ВОЙСКОВОЙ КРУГ
ВОЙСКОВОЙ КРУГ
«Донская речь», № 21. 6/19 декабря 1919. С. 2
Войсковой Круг…
Вспоминаю я дни своей далекой юности, полосу романтических настроений. Первое близкое знакомство с родной стариной, казачьей, — знакомство, конечно, поверхностное — рисовало мне наше прошлое одним шумным, головокружительным праздником. Тут и лихие набеги, и славные боевые схватки, красивая смерть средь чистого поля под ракитовым кустом, и широкий разгул, безбрежная песня, бешеный танец. Ничем не стесняемый простор, вольность, свободнейший уклад жизни, равенство, самая широкая демократия. И в центре политической жизни, буйной, зыбкой, вечно мятущейся — войсковой круг, носитель идеи народоправства, коллективный разум зипунного рыцарства…
Казалось все это прекрасным, как мечта, и безвозвратно канувшим в прошлое, навсегда утерянным, ибо кругом была тогда удрученная немота, подчиненность без разговоров и суровый порядок, охраняемый монументальным жандармом, городовым и урядником. Скучная, хмурая была жизнь — и лучшие люди из сознательного слоя русского народа, покупая французскую булку за пятачок и сапоги за пять целковых, со вздохом, вполне искренним, говорили:
— Так дальше жить нельзя…
Говорил и я. Но жил. И теперь, уже задним числом, должен сказать, что жить было можно, и недурно жить, вспоминая, мечтая о широком празднике свободы прошлой, в века ушедшей жизни.
И когда жизнь, казавшаяся недвижной и закоченевшей, неожиданно встрепенулась, а мечта прошлого стала действительностью настоящего, я вижу себя и многих других в положении того чеховского чиновника казенной палаты, который всю жизнь мечтал о деревенской жизни, просторной и сытой, и в центре мечтаний своих почему-то непременно помещал крыжовник.

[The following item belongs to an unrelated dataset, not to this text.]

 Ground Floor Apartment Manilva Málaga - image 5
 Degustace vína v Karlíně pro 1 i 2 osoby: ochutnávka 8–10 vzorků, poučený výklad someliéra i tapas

На склоне лет, путем сбережений, урезов, недоедания и недосыпания он добился-таки осуществления своей мечты и получил возможность отведать собственного крыжовника. Крыжовник вышел жесткий и кислый, а осчастливленный утопист ел и говорил:
— Как вкусно! Ах, как вкусно!..
Мысленно я говорил приблизительно то же в апреле 1917 года, когда волею судьбы и Глазуновской станицы сидел в театре Бабенко на заседании первого Войскового круга, тогда называвшегося еще съездом. Круг гудел, как улей, жужжал, порой кричал, галдел, порой дремал под умные рассуждения о преимуществах федеративной республики перед простой демократической и дружно, доброжелательно аплодировал всем ораторам без исключения.
Воплощение мечты не вполне совпадало с ее чистым первоначальным образом: Круг не совсем был похож на тот, каким он рисовался мне в романтических представлениях юности. Но зрелище было оригинальное, интересное, дотоле невиданное: скуластые лица калмыков в ложе направо, архиерей в черном клобуке в ложе налево и потные, взмокшие, бородатые, загорелые лица станичников в суконных чекменях на вате, в гимнастерках, серых тужурках — в партере.
И когда длинный оратор в сюртуке долго и обстоятельно говорил о положении аграрного вопроса в Новой Зеландии, старик-вахмистр Иван Демьяныч, мой сосед, изнывая от жары и вздыхая, шептал <мне> на ухо гулким шепотом:
— Теперь можно бы и домой… Слава Богу, сковырнули кой-кого… Хорошо бы еще архиерея сопхнуть: Семашкевич какой-то… поляк, как видать? Ай у нас своих архиереев не найдется, своего донского корня?..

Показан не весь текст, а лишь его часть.